彼岸には春彼岸と秋彼岸があり、通常「彼岸」とだけ言った場合は春彼岸を指します。秋彼岸は「後の彼岸」とも言います。

彼岸は春分の日(秋彼岸は秋分の日)を境に前の3日と後の3日の合計7日間です。春分(秋分)の3日前の日が「彼岸の入り」、3日後の日が「彼岸の明け」。春分(秋分)の日は中間に位置するので「彼岸の中日(ちゅうにち)」とも呼ばれます。

春分(秋分)の日は、一定していない!?

春分の日は国民の祝日ですが、3月20日の年もあれば、3月21日の年もあります。正式には前の年の2月1日、春分の日の日付を記した「暦要項(れきようこう)」が官報に記載されることによって決定します。9月22日と9月23日に分かれる秋分の日も同様です。

極楽浄土は西!

彼岸は平安時代に広まった浄土思想が由来とされます。浄土思想では極楽浄土は西にあると考えられており、春分(秋分)の日は昼と夜の長さが同じになって太陽は真西に沈みます。このことから西方に沈む太陽を礼拝し、極楽浄土に思いをはせたのが彼岸の始まりとされています。

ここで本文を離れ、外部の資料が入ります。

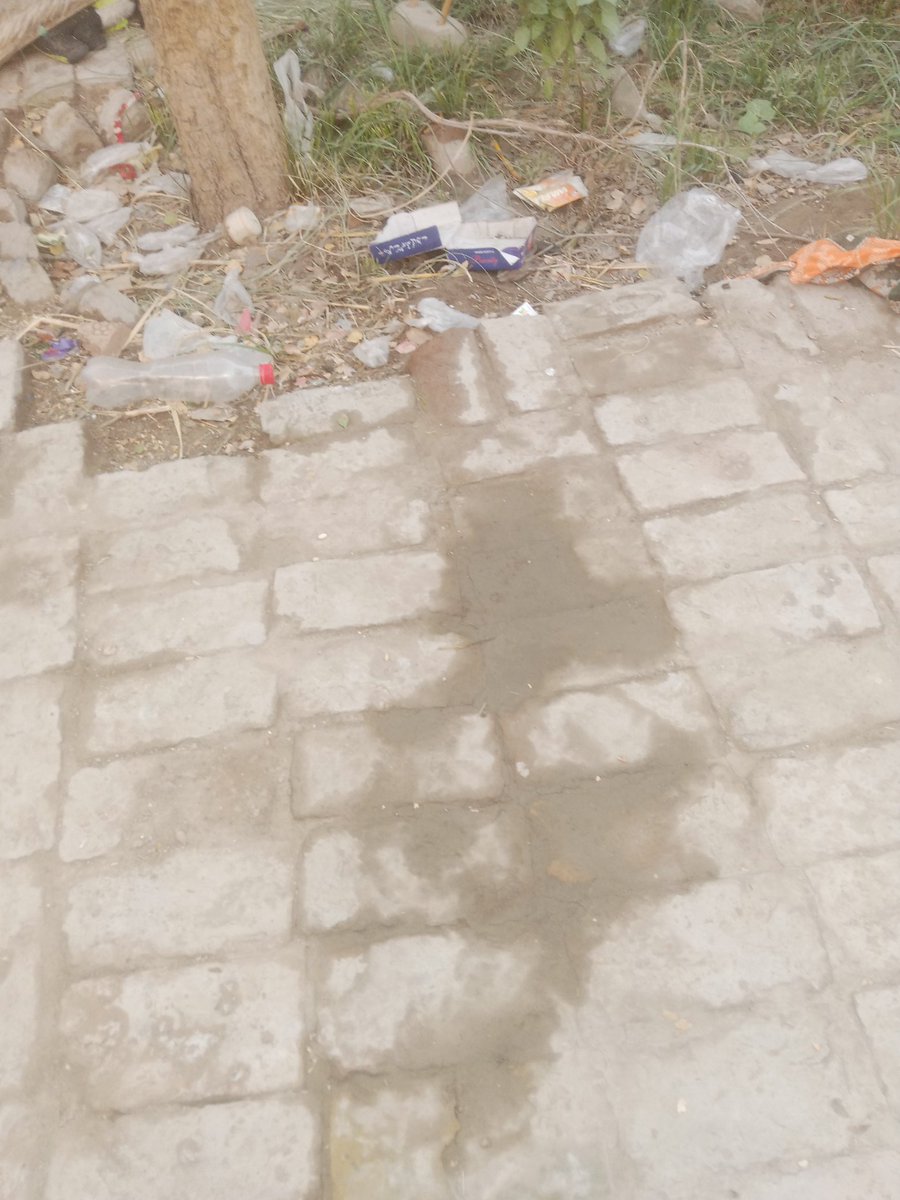 Helen Petty (@helendpetty) on Twitter photo 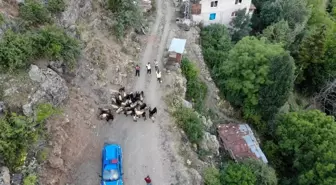 Artvin'de Kaybolan 30 Küçükbaş Hayvan Dron ile Bulundu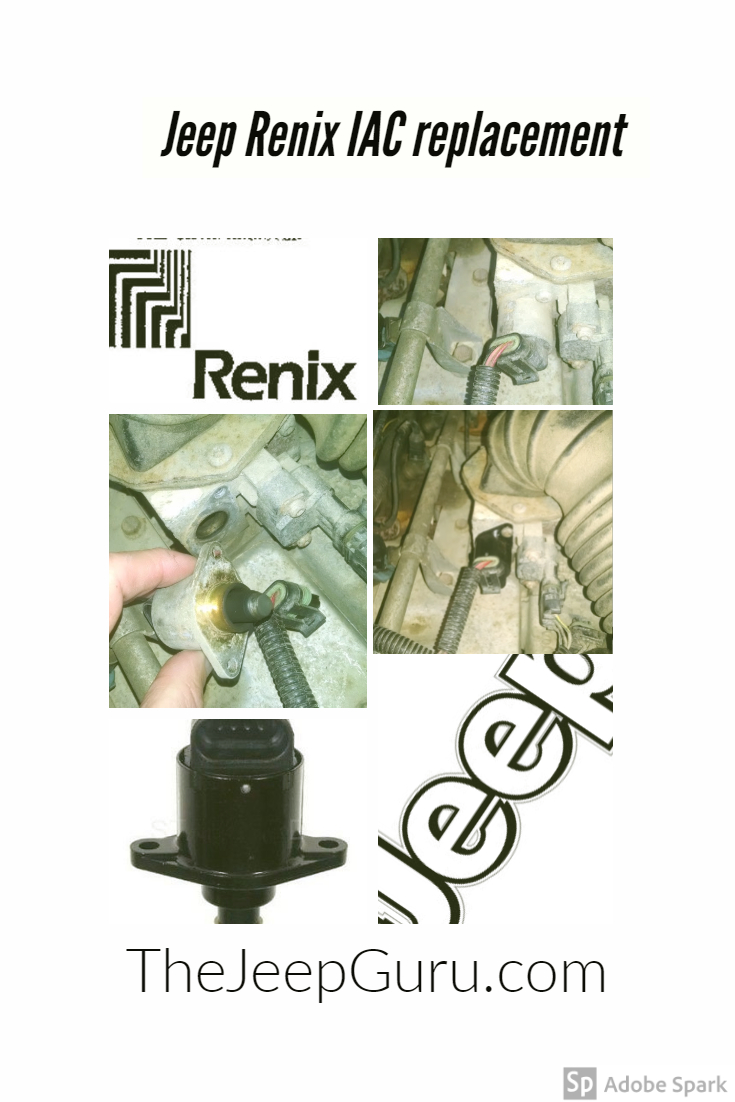 Renix IAC valve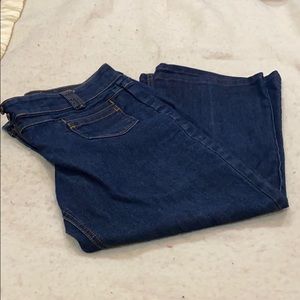 NEW YORK AND COMPANY Low Rose Flare Leg Jeans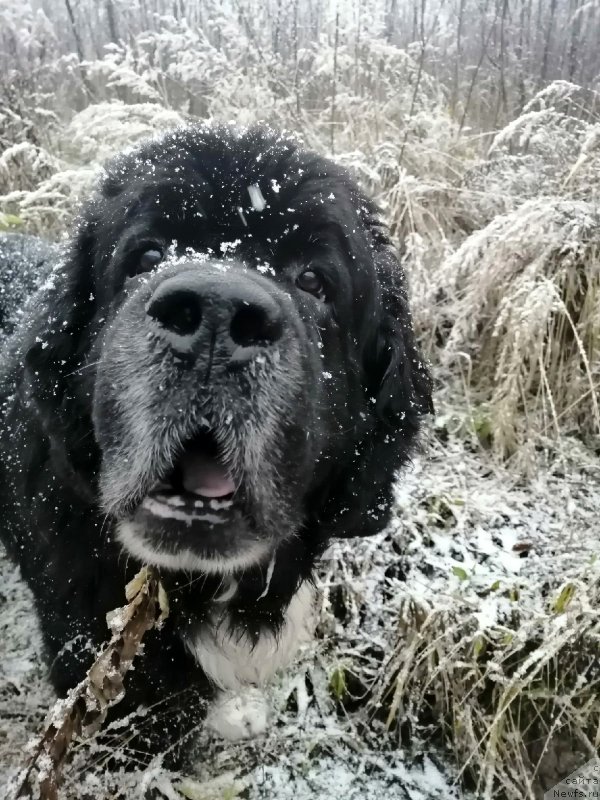 Фото: ньюфаундленд Старбимовлав Гардемарин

つまり浄土思想では「彼岸」とは極楽浄土のことを指し、私たちが生きている煩悩(ぼんのう)に満ちた世界のことは「此岸(しがん)」といいます。「あちら(彼方)の岸」と「こちら(此方)の岸」というわけです。

お墓参りは江戸時代から

現在のように彼岸に墓参りをするという風習が定着したのは江戸時代からと考えられています。

宗教的な要素のほか、春分(秋分)の日の前後は気候的にも恵まれており、墓参りを理由に野外で遊ぶといった娯楽的な要素もあったようです。

「ぼたもち」と「おはぎ」

彼岸の供え物として定着している「ぼたもち」と「おはぎ」。いずれも炊いたコメを軽くついてまとめ、分厚く餡(あん)で包んだ和菓子で、名称は違っても同じものです。「ぼたもち」は春に咲く牡丹の花、「おはぎ」は秋に咲く萩の花が由来で、それぞれ「牡丹餅」「御萩」がそもそもの名称だったそうです。